How he envied the Herrick boy—free and far away, if he was still alive. After three days, people were beginning to doubt anyone would ever find him. It was like looking for a needle that had blown out of one haystack into who-knew-which other. Each day the Argus ran the same unsmiling picture, a much-enlarged head from a group photo of the high-school baseball team. The paper had by now familiarized readers with the fact that 1948 had seen great progress in the proliferation of VHF omnidirectional radar stations, which sent out beams toward every point on the compass instead of the mere four that older systems had. Of course, in order to use the new radar, planes had to have updated receivers, and—well, there was no radio of any kind in Gus Farnham’s bip
lane. The paper printed the background material on radar to fill column inches of a big local story that had very little else to offer the typesetter. All anyone had were theories, which mostly involved the plane’s having come down over water, since on Sunday there had been no crashes reported anywhere on the southern peninsula. There were those who guessed Tim had flown over Pointe Aux Barques and fallen into Lake Huron, and those who said westward, over Big Sable Point and into Lake Michigan. A few speculators, no more informed than anybody else, thought he might have made it all the way to Wisconsin. But if so, where was he? No one seemed to think he’d gone southeast or into Lake Erie—if he had, surely somebody out of all the millions of people in Detroit and Toledo would have noticed him. Though he acknowledged having taken him up a couple of times, Gus Farnham claimed to have given the boy no flying lessons: “I guess he picked it up by watching,” Gus told both the Argus and Chief Rice. Tim Herrick had never asked to take the controls, let alone mentioned any scheme to skip town.
The Argus reporter ended today’s article by noting that Margaret Feller, 17, of 430 West Oliver Street, was still “distraught” after questioning by police, and that William Grimes, also 17, of 352 Pine, a longtime Argus carrier with an excellent record, was mailing flyers with Tim Herrick’s picture on them to dozens of towns throughout the state that his friend was known to have visited, mentioned, or just driven through in his brother’s old Chevrolet. Mrs. Herrick had been “in seclusion” since Monday, when she had returned, in her own car, from a Marine’s reburial in Battle Creek and learned of her son’s disappearance.

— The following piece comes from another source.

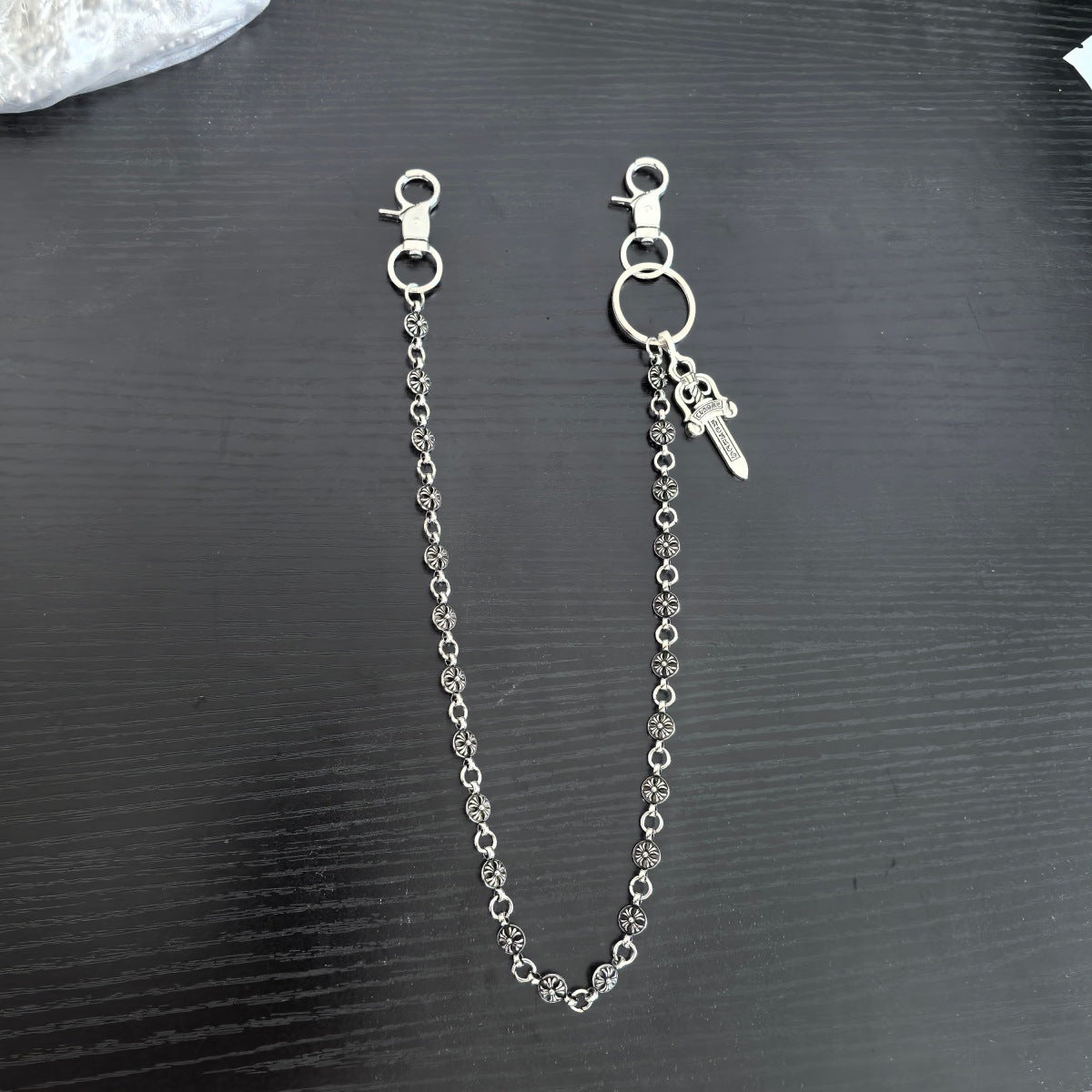 chrome hearts metal dagger pants chain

Horace’s clock chimed six-thirty. If he got ready now, he could comfortably walk to City Hall and arrive in time for the first public reading of Jackson’s scheme before the city council. He rose from his chesterfield sofa and went into the kitchen to refresh himself by sticking his head into the icebox and keeping it there, eyes closed and vapor swirling, for a good fifteen seconds. He brought his suspenders back up over his shoulders and gathered the papers he had been working with at the dining-room table, his own handsome prose descriptions of two of the town’s oldest structures: the Woodard Paymaster Building, a tiny wooden cabin from which Campbell Gregory, fifty years before, had each week handed Owosso men the wages they’d earned making chairs and coffins; and Elias Comstock’s cabin, 112 years old this May, the first regular dwelling place in town, so much improved and added on to by Judge Comstock and subsequent owners that it eventually seemed like a piece of furniture, or a secret, inside a bigger house. These endangered buildings were the real history of the town, what the council ought to be spending its money on instead of throwing up this cornball Casbah along the river. That’s the argument he would get up and make tonight. To coddle his voice he had smoked neither pipe nor cigarettes all afternoon, and before he put these papers inside the old soft briefcase he used to take to the office on Exchange Street, he would swallow a teaspoonful of honey.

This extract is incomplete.